Размышляя над судьбой России и человечества, измеряя настоящее прошлым («Алатырь», «Русь», «Куны», «Огни святого Доминика», «Блоха», «Бич Божий») и будущим («Мы»), Замятин стремился понять и определить закономерности исторического развития, «построить уравнения движения... цивилизации»11. Наличие в текстах Е. Замятина апокалиптического мифа способствует выявлению авторской концепции истории, которая, вероятно, представляется писателю как богочеловеческий процесс, как драма крестного пути, отражающая в социальных конфликтах (человека и общества, человека и государства) диалектическое противостояние онтологических сил Христа и антихриста. Современные исследователи12 отмечают, что апокалиптическое восприятие действительности появляется в мироощущении А. Платонова 1920—1930-х гг. и особенно ощутимо в романе «Чевенгур», в повестях «Котлован», «Ювенильное море». Так же, как и Булгаков и Замятин, Платонов сумел отразить сущность русского апокалипсиса, связанного с распространением в национальном сознании коммунистической утопии. Происходящая в годы Великого перелома кульминация национальной трагедии получила социально-философское отражение в повести «Котлован». Именно эта повесть даёт едва ли не самый развёрнутый в творчестве Платонова анализ коммунистической концепции жизнестроения.

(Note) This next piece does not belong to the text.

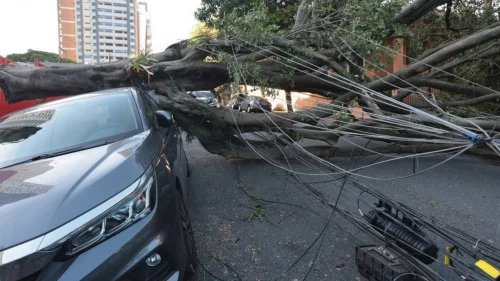 Vereador propõe fundo municipal para enterrar fiação elétrica em São Paulo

Сюжет повести двуплановый. Внешний, фабульный план, повествующий о строительстве общепролетарского дома, сопряжён с конкретно-историческими коллизиями — индустриализацией и коллективизацией страны. Внутренний, символический план «Котлована», раскрывает характер коммунистической идеи, являющейся доминирующей в русском национальном сознании XX в., её цель, принципы и результаты.
Общепролетарский дом — это идеал социальной гармонизации, идеал земного рая, к которому устремилась советская Россия. Утопическая мессианская мечта о грядущем коммунистическом спасении в общем доме, о «вечном счастливом поселении трудящихся всей Земли»13 пронизывает сознание всех строителей нового мира.
Реализация идеала земного рая воплощена в процессе строительства дома, рытье котлована и связана с тотальной реконструкцией духовно-исторических традиций, религиозно-культурных, морально-этических, социально-родовых. Объявленная враждебной, христианская религия выкорчёвывается из народного сознания путём глумления над верой, православными святынями, церковными обрядами. Превращённый в доносчика поп с горечью осознаёт мерзость запустения и бессмысленность существования в обезбоженном мире: «Я не чувствую больше прелести творения — я остался без Бога, а Бог без человека» (С. 167); вместо христианства насаждается человеко-божеская коммунистическая религия, поклонение новым богам, революционным вождям и героям. Смена религиозных ориентаций влечёт за собой изменение морально-этических норм. Христианская мораль любви и милосердия вытесняется утилитарно-прагматической моралью классовой ненависти. Именно поэтому революционный первосвященник, активист, обучая колхозников политграмоте, утверждает приоритет и социальную пользу жестокости: «...твёрдый знак нам полезнее мягкого. Это мягкий нужно отменить, а твёрдый нам неизбежен: он делает жёсткость и чёткость формулировок» (С. 165). Революционная целесообразность утверждается как основополагающий принцип социальной реализации в Советской стране, глубоко разрушая духовно-созидательные основы человека, семьи, общества, заражая атмосферой ненависти. Идея классовой борьбы, тотального насилия и тотальной переделки становится главной формулой жизни: «...мы должны бросить каждого в рассол социализма, чтоб с него слезла шкура капитализма и сердце обратило внимание на жар жизни вокруг костра классовой борьбы и произошёл бы энтузиазм!..» (С. 143).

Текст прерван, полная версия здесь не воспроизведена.